Each record should be copied exactly, and none of them omitted.

==*==

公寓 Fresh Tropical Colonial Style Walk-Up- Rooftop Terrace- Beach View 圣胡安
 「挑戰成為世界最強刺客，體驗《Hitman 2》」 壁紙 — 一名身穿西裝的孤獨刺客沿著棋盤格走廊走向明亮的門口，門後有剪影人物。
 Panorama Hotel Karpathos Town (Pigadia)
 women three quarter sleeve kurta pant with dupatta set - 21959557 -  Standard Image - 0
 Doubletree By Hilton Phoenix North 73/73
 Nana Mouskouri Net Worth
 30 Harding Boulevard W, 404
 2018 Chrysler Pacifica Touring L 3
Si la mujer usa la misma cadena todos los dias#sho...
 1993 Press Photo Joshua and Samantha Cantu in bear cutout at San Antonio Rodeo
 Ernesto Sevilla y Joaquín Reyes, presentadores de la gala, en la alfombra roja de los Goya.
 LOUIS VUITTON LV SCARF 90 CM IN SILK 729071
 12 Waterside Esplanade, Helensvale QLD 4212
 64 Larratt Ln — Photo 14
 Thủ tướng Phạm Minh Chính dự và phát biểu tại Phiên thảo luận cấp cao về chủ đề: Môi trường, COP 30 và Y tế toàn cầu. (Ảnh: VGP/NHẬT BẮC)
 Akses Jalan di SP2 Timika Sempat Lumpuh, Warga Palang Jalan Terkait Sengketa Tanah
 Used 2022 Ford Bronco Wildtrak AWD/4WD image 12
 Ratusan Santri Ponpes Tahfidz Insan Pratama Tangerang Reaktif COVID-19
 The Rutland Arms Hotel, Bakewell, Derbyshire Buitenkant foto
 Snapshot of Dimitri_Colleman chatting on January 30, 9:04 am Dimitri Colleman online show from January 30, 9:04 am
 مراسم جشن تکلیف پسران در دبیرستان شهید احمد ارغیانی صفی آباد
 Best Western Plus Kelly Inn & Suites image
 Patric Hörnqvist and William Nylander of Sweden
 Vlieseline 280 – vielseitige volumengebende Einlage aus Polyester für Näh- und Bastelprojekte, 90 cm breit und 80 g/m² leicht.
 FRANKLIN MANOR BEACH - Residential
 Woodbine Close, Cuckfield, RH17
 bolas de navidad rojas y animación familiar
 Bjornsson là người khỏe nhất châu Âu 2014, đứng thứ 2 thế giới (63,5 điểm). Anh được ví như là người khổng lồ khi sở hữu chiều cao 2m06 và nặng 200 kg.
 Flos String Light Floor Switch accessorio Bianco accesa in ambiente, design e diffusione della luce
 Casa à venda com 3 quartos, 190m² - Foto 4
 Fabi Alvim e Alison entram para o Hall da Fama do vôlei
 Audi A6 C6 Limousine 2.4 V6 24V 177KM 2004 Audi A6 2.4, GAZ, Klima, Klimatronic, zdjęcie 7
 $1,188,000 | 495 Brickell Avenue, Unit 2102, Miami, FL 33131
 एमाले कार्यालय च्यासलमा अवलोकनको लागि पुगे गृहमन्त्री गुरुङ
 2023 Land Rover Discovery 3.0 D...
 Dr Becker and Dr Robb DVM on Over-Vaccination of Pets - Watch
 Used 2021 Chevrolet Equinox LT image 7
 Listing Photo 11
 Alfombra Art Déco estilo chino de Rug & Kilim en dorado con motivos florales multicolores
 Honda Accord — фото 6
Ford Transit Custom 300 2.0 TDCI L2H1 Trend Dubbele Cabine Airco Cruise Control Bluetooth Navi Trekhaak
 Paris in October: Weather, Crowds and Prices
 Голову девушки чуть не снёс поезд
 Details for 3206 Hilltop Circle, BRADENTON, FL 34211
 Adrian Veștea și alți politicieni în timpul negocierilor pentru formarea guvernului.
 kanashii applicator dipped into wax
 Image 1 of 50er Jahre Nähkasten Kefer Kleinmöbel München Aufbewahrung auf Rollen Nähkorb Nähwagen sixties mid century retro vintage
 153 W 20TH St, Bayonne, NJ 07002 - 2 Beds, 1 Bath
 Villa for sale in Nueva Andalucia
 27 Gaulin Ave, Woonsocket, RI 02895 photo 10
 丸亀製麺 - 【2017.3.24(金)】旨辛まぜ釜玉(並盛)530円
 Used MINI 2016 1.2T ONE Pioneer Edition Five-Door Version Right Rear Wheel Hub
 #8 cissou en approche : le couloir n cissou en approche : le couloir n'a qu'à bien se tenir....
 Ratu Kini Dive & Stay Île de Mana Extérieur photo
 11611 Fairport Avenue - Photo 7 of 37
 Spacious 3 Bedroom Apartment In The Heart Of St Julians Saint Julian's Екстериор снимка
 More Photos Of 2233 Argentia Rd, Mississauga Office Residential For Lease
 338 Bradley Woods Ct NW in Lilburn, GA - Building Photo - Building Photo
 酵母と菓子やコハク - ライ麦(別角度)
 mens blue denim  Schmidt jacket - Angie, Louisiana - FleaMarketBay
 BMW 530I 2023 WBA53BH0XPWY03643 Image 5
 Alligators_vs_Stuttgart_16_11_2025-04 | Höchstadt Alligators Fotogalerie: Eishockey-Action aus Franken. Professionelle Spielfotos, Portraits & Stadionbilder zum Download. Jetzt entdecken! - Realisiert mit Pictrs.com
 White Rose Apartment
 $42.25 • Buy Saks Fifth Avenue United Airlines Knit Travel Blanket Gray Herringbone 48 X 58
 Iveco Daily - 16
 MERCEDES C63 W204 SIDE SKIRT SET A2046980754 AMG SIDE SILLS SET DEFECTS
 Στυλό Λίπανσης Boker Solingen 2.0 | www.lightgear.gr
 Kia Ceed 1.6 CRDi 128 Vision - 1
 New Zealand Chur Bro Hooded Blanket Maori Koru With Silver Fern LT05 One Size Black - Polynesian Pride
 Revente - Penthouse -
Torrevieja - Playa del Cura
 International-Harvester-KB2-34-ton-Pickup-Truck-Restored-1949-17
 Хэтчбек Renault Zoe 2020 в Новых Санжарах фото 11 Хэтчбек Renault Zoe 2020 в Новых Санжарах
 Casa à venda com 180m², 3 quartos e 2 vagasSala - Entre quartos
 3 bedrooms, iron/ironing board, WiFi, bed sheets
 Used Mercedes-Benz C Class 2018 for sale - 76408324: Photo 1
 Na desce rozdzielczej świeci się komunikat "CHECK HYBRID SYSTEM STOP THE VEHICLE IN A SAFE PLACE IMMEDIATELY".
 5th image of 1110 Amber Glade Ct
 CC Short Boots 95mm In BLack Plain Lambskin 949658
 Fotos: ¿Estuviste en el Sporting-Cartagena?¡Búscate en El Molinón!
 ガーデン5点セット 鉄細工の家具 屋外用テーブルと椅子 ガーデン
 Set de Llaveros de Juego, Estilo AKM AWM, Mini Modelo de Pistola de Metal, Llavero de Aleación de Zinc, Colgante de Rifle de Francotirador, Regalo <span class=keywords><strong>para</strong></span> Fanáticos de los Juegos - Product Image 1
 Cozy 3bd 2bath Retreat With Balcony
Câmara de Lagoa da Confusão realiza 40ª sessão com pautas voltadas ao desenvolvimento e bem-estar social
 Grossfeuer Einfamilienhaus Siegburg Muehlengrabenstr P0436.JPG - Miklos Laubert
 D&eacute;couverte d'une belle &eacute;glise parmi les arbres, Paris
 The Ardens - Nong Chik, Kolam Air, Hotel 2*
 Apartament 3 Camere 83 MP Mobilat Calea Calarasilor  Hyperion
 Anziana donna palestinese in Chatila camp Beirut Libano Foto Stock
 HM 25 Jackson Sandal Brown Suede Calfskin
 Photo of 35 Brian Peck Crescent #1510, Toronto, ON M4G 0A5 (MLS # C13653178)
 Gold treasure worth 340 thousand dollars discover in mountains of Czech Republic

==*==

**REPLY:**
公寓 Fresh Tropical Colonial Style Walk-Up- Rooftop Terrace- Beach View 圣胡安
 「挑戰成為世界最強刺客，體驗《Hitman 2》」 壁紙 — 一名身穿西裝的孤獨刺客沿著棋盤格走廊走向明亮的門口，門後有剪影人物。
 Panorama Hotel Karpathos Town (Pigadia)
 women three quarter sleeve kurta pant with dupatta set - 21959557 -  Standard Image - 0
 Doubletree By Hilton Phoenix North 73/73
 Nana Mouskouri Net Worth
 30 Harding Boulevard W, 404
 2018 Chrysler Pacifica Touring L 3
Si la mujer usa la misma cadena todos los dias#sho...
 1993 Press Photo Joshua and Samantha Cantu in bear cutout at San Antonio Rodeo
 Ernesto Sevilla y Joaquín Reyes, presentadores de la gala, en la alfombra roja de los Goya.
 LOUIS VUITTON LV SCARF 90 CM IN SILK 729071
 12 Waterside Esplanade, Helensvale QLD 4212
 64 Larratt Ln — Photo 14
 Thủ tướng Phạm Minh Chính dự và phát biểu tại Phiên thảo luận cấp cao về chủ đề: Môi trường, COP 30 và Y tế toàn cầu. (Ảnh: VGP/NHẬT BẮC)
 Akses Jalan di SP2 Timika Sempat Lumpuh, Warga Palang Jalan Terkait Sengketa Tanah
 Used 2022 Ford Bronco Wildtrak AWD/4WD image 12
 Ratusan Santri Ponpes Tahfidz Insan Pratama Tangerang Reaktif COVID-19
 The Rutland Arms Hotel, Bakewell, Derbyshire Buitenkant foto
 Snapshot of Dimitri_Colleman chatting on January 30, 9:04 am Dimitri Colleman online show from January 30, 9:04 am
 مراسم جشن تکلیف پسران در دبیرستان شهید احمد ارغیانی صفی آباد
 Best Western Plus Kelly Inn & Suites image
 Patric Hörnqvist and William Nylander of Sweden
 Vlieseline 280 – vielseitige volumengebende Einlage aus Polyester für Näh- und Bastelprojekte, 90 cm breit und 80 g/m² leicht.
 FRANKLIN MANOR BEACH - Residential
 Woodbine Close, Cuckfield, RH17
 bolas de navidad rojas y animación familiar
 Bjornsson là người khỏe nhất châu Âu 2014, đứng thứ 2 thế giới (63,5 điểm). Anh được ví như là người khổng lồ khi sở hữu chiều cao 2m06 và nặng 200 kg.
 Flos String Light Floor Switch accessorio Bianco accesa in ambiente, design e diffusione della luce
 Casa à venda com 3 quartos, 190m² - Foto 4
 Fabi Alvim e Alison entram para o Hall da Fama do vôlei
 Audi A6 C6 Limousine 2.4 V6 24V 177KM 2004 Audi A6 2.4, GAZ, Klima, Klimatronic, zdjęcie 7
 $1,188,000 | 495 Brickell Avenue, Unit 2102, Miami, FL 33131
 एमाले कार्यालय च्यासलमा अवलोकनको लागि पुगे गृहमन्त्री गुरुङ
 2023 Land Rover Discovery 3.0 D...
 Dr Becker and Dr Robb DVM on Over-Vaccination of Pets - Watch
 Used 2021 Chevrolet Equinox LT image 7
 Listing Photo 11
 Alfombra Art Déco estilo chino de Rug & Kilim en dorado con motivos florales multicolores
 Honda Accord — фото 6
Ford Transit Custom 300 2.0 TDCI L2H1 Trend Dubbele Cabine Airco Cruise Control Bluetooth Navi Trekhaak
 Paris in October: Weather, Crowds and Prices
 Голову девушки чуть не снёс поезд
 Details for 3206 Hilltop Circle, BRADENTON, FL 34211
 Adrian Veștea și alți politicieni în timpul negocierilor pentru formarea guvernului.
 kanashii applicator dipped into wax
 Image 1 of 50er Jahre Nähkasten Kefer Kleinmöbel München Aufbewahrung auf Rollen Nähkorb Nähwagen sixties mid century retro vintage
 153 W 20TH St, Bayonne, NJ 07002 - 2 Beds, 1 Bath
 Villa for sale in Nueva Andalucia
 27 Gaulin Ave, Woonsocket, RI 02895 photo 10
 丸亀製麺 - 【2017.3.24(金)】旨辛まぜ釜玉(並盛)530円
 Used MINI 2016 1.2T ONE Pioneer Edition Five-Door Version Right Rear Wheel Hub
 #8 cissou en approche : le couloir n cissou en approche : le couloir n'a qu'à bien se tenir....
 Ratu Kini Dive & Stay Île de Mana Extérieur photo
 11611 Fairport Avenue - Photo 7 of 37
 Spacious 3 Bedroom Apartment In The Heart Of St Julians Saint Julian's Екстериор снимка
 More Photos Of 2233 Argentia Rd, Mississauga Office Residential For Lease
 338 Bradley Woods Ct NW in Lilburn, GA - Building Photo - Building Photo
 酵母と菓子やコハク - ライ麦(別角度)
 mens blue denim  Schmidt jacket - Angie, Louisiana - FleaMarketBay
 BMW 530I 2023 WBA53BH0XPWY03643 Image 5
 Alligators_vs_Stuttgart_16_11_2025-04 | Höchstadt Alligators Fotogalerie: Eishockey-Action aus Franken. Professionelle Spielfotos, Portraits & Stadionbilder zum Download. Jetzt entdecken! - Realisiert mit Pictrs.com
 White Rose Apartment
 $42.25 • Buy Saks Fifth Avenue United Airlines Knit Travel Blanket Gray Herringbone 48 X 58
 Iveco Daily - 16
 MERCEDES C63 W204 SIDE SKIRT SET A2046980754 AMG SIDE SILLS SET DEFECTS
 Στυλό Λίπανσης Boker Solingen 2.0 | www.lightgear.gr
 Kia Ceed 1.6 CRDi 128 Vision - 1
 New Zealand Chur Bro Hooded Blanket Maori Koru With Silver Fern LT05 One Size Black - Polynesian Pride
 Revente - Penthouse -
Torrevieja - Playa del Cura
 International-Harvester-KB2-34-ton-Pickup-Truck-Restored-1949-17
 Хэтчбек Renault Zoe 2020 в Новых Санжарах фото 11 Хэтчбек Renault Zoe 2020 в Новых Санжарах
 Casa à venda com 180m², 3 quartos e 2 vagasSala - Entre quartos
 3 bedrooms, iron/ironing board, WiFi, bed sheets
 Used Mercedes-Benz C Class 2018 for sale - 76408324: Photo 1
 Na desce rozdzielczej świeci się komunikat "CHECK HYBRID SYSTEM STOP THE VEHICLE IN A SAFE PLACE IMMEDIATELY".
 5th image of 1110 Amber Glade Ct
 CC Short Boots 95mm In BLack Plain Lambskin 949658
 Fotos: ¿Estuviste en el Sporting-Cartagena?¡Búscate en El Molinón!
 ガーデン5点セット 鉄細工の家具 屋外用テーブルと椅子 ガーデン
 Set de Llaveros de Juego, Estilo AKM AWM, Mini Modelo de Pistola de Metal, Llavero de Aleación de Zinc, Colgante de Rifle de Francotirador, Regalo <span class=keywords><strong>para</strong></span> Fanáticos de los Juegos - Product Image 1
 Cozy 3bd 2bath Retreat With Balcony
Câmara de Lagoa da Confusão realiza 40ª sessão com pautas voltadas ao desenvolvimento e bem-estar social
 Grossfeuer Einfamilienhaus Siegburg Muehlengrabenstr P0436.JPG - Miklos Laubert
 D&eacute;couverte d'une belle &eacute;glise parmi les arbres, Paris
 The Ardens - Nong Chik, Kolam Air, Hotel 2*
 Apartament 3 Camere 83 MP Mobilat Calea Calarasilor  Hyperion
 Anziana donna palestinese in Chatila camp Beirut Libano Foto Stock
 HM 25 Jackson Sandal Brown Suede Calfskin
 Photo of 35 Brian Peck Crescent #1510, Toronto, ON M4G 0A5 (MLS # C13653178)
 Gold treasure worth 340 thousand dollars discover in mountains of Czech Republic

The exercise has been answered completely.